I often painted non-representationally, with water colors. I once filled a piece of paper with horizontal strips of color. Mr Stambaugh disapproved. He showed me a recent announcement that a certain art dealer was no longer going to deal in nonrepresentational art, because such art did not seem to be going anywhere any more.

In 1981, I traced this picture from a USGS topographical map.  Featured are the Cacapon River, US Route 50, and the boundary of Capon Bridge, West Virginia, designated as a host for refugees from Washington in the event of the Soviet nuclear strike that President Reagan seemed bent on provoking

In 1981, I traced this picture from a USGS topographical map.
Featured are the Cacapon River, US Route 50,
and the boundary of Capon Bridge, West Virginia.
This town had been designated as a host for refugees from Washington
in the event of the Soviet nuclear strike
that President Reagan seemed bent on provoking.
My uncle had a house, nine miles to the west.

I did like Mr Stambaugh. In my sophomore year, I was not enrolled in his art course, but still I painted on my own, and I brought my work to show Mr Stambaugh. Sometimes he did me the honor of tacking it on the wall of the studio. I returned to the studio officially in my junior year, though I offended another teacher by doing so. I had dropped art in the previous year in order to take Latin, though like everybody else I had already been studying another language (in my case, French) since the year before high school. The Latin teacher knew me from his ancient Greek history course in my freshman year. George Constantinople proposed that I could do the work of the first two years of Latin in my sophomore year, and he met me after school to help me accomplish this. I thought he enjoyed just chatting with me too, as I did with him. At the end of the year, he told me I could now sign up for Latin III; but I told him I wanted to go back to painting instead. I said I could continue to meet him after school to work on Latin; but he said it would not be convenient for him.
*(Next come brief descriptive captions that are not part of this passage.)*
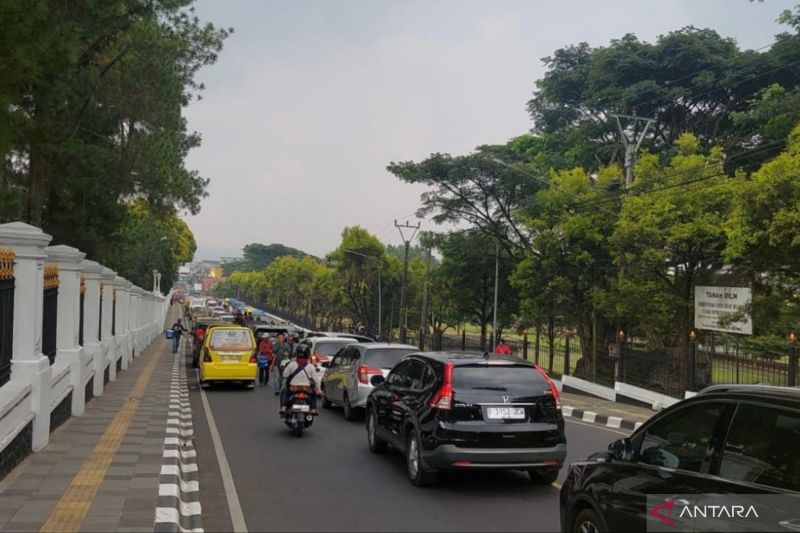 Polres Cianjur tempatkan tim pengurai di titik rawan kemacetan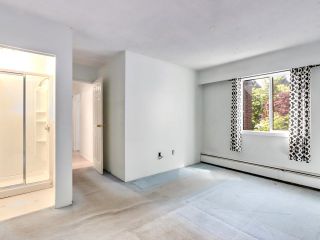 Photo 19: 307 2255 YORK Avenue in Vancouver: Kitsilano Condo for sale in "THE BEACH HOUSE" (Vancouver West)  : MLS®# R2881730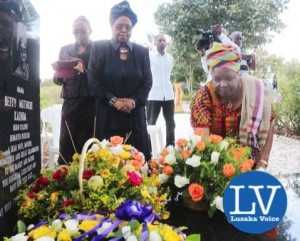 Mama Chibesa Kankasa and Christine Mulundika laying wreaths on the Mama Betty graveyard. - Photo Credit Jean Mandela - Lusakavoice.com-1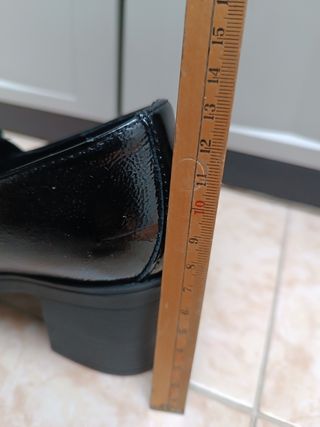 Scarpe vernice nera IGI e Co.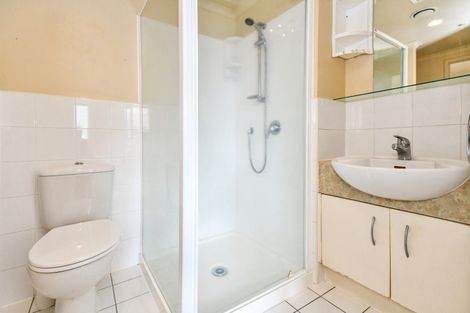 Photo of property in The Rennaissance, 5j/18 Ronwood Avenue, Manukau, Auckland, 2104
I wonder what happened to Mr Constantinople. He lived on campus with his wife, who was also a classicist. I met him sometimes in an office where photographs of Roman coins were on display: coins featuring a particular Emperor, whose name I do not recall. For Mr Constantinople was finishing up a doctoral dissertation on how the reign of that emperor was reflected in how he was portrayed on coins. He did earn the doctorate; but then, when my class graduated in 1983, he went off to study sea admiralty law. One web page says he has been licensed to practice law in Washington since 1987, but there is no further information.

I know what happened to Mr Stambaugh. The student art show at the end of my junior year would be his last, because he was retiring—or was being retired, because of his age. He might have been happy to keep teaching. As it was, he died four years later, and the “Style” section of the Washington Post printed a tribute by a former colleague called Howard Means. Though I met him once, I did not know Mr Means. His tribute does describe the man I remember:

Dean was catholic in his tastes and intolerant of anything or anyone beyond them. The Day-Glo period of American art did not exist in his life except as one more tawdry instance of cultural depravity well beneath even a sniff of contempt. His own such sniff roared—the paradox of a man of all-consuming gentleness.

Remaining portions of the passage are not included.